The On-Call Agent will attempt to resolve the incident automatically using the applied runbook.
- If the incident is successfully resolved, its status will be updated to Resolved.
- If the issue persists, the incident will remain Unresolved. You can then take manual action:
- Mark as Resolved: If you have fixed the issue outside of the system, you can manually close the incident.
- Open in Akuity Intelligence: Click this button to open the incident in the chat interface. Here, you can work directly with the On-Call Agent, provide more instructions, or ask it to "resolve it" to continue the troubleshooting process interactively.
Slack Notifications
You can configure Akuity Intelligence to send real-time notifications about incidents directly to your Slack workspace. This allows your team to stay informed and respond quickly when issues are detected.
Configure a Slack Service
Before you can enable Slack notifications for Akuity Intelligence, you must first have a Slack service configured in the main Argo CD notification settings.
- Navigate to Settings → Notifications.
- Under the Services tab, check if a Slack service is already configured. If not, click Add New and configure the connection to your Slack workspace by providing the necessary details (e.g., Slack webhook URL).
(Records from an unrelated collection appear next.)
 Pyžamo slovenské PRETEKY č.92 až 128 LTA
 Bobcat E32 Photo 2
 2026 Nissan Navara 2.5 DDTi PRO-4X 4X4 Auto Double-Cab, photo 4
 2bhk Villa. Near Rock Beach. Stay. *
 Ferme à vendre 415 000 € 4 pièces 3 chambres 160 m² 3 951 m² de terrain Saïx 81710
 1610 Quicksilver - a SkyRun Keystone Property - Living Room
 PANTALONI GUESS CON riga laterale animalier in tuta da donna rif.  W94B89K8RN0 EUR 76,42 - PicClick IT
Link Slack to Akuity Intelligence
Once you have a Slack service available, you can link it to Akuity Intelligence.
- Navigate to Settings → Intelligence.
- Click on the Integrations tab.
- In the Notifications section, locate the Slack option.
- Click the dropdown menu and select the Slack service you configured in the previous step.
- Click Save in the top-right corner to apply the changes.
After completing this setup, the On-Call Agent will automatically send messages and updates for new and ongoing incidents to your selected Slack channel.